Got it many years ago, not sure what model it is, when it dates from, approx value, etc. It even came with the simple brown holster (depicted) when I got it, unsure whether the holster dates from the same era as the gun or not. Serial number is 487xxx. Any help/info greatly appreciated. (See pics)


----------



## pic (Nov 14, 2009)

Plenty of info online about this piece.

It's worth at least 150$


----------



## Bisley (Aug 24, 2008)

I can't identify it by model, but most of the top break models were made in the late 1800's to early 1900's. A lot of the older ones were .32 rimfire, but some of the later models were .32 or .38 center fires. The H&R's that I've actually held were not top break and were made in the 60's and sold for $50 - $60. They were better quality than the ones generally referred to back then as Saturday Night Specials, but not very accurate. They were targeted at people who wanted very close-in personal protection, not target shooters.


----------



## Steve M1911A1 (Feb 6, 2008)

The primary reference is _The Standard Catalog of Firearms_, published by Krause.
There is also a version which covers only military arms.
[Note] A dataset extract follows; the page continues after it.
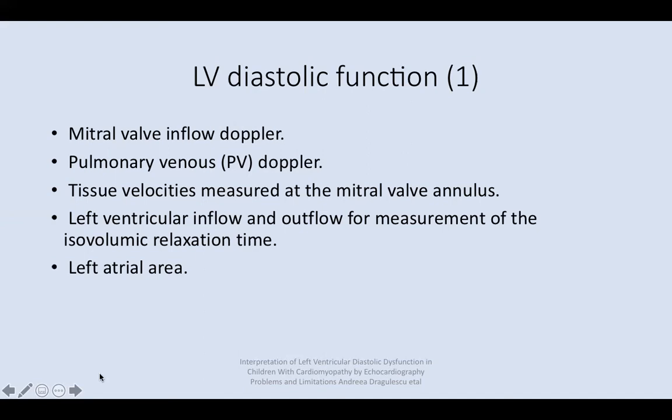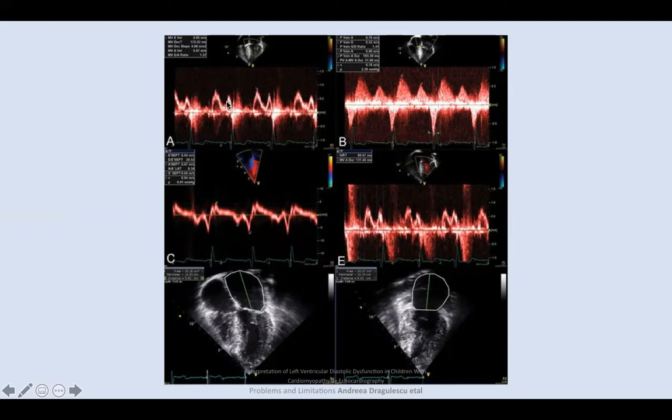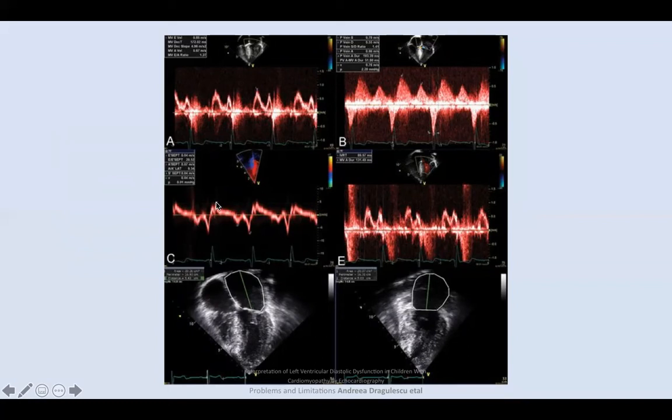Here, this is a mitral valve inflow Doppler — you will get E and A. Here is the pulmonary venous Doppler: S, D, and A. This is a tissue Doppler: E prime, A prime, and S. And here, this is inflow and outflow: E and LV outflow. This is the assessment of LA area in two-chamber view and in four-chamber view.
There are descriptions and lots of pictures, along with dates of manufacture and approximate values according to condition.
There's a new edition produced every year, although any recent edition is good for at least three year's-worth of research.
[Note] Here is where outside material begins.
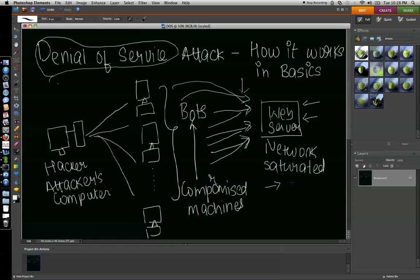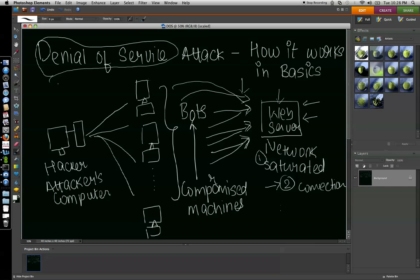There are a lot of ways in which you can do this — you can saturate the network bandwidth, you can saturate the number of connections that the computer can accept, and many more ways. There are lots of ways to bring down this web server using thousands of computers distributed across the internet, which are compromised and constantly listening to the hacker's computer.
I strongly suggest that you buy a copy. Click on: 2012 Standard Catalog of Firearms | Krause Books


----------



## mswmsw (Jan 18, 2015)

Steve M1911A1 said:


> The primary reference is _The Standard Catalog of Firearms_, published by Krause............. I strongly suggest that you buy a copy. Click on: 2012 Standard Catalog of Firearms | Krause Books


Actually, I forgot about that book. And I think I even still have an old copy of one of them stashed away in a box somewhere. It's probably 8 or 10 years old, but the historical info in it will no doubt still be useful, even if the gun price info is not up-to-date. Gotta go root around for it now! (And probably time to order a new, up-to-date one.)


----------



## Steve M1911A1 (Feb 6, 2008)

Whoops-sorry...
_The Standard Catalog of Firearms_ seems to have been handed over to _The Gun Digest_.
It's new website is: 2015 Standard Catalog of Firearms: Price & Reference Guide | GunDigestStore


----------



## MitchellB (Aug 14, 2010)

H&R were making top break models like my 999 Sportsman .22 up into the 90s at least when mine was made.


----------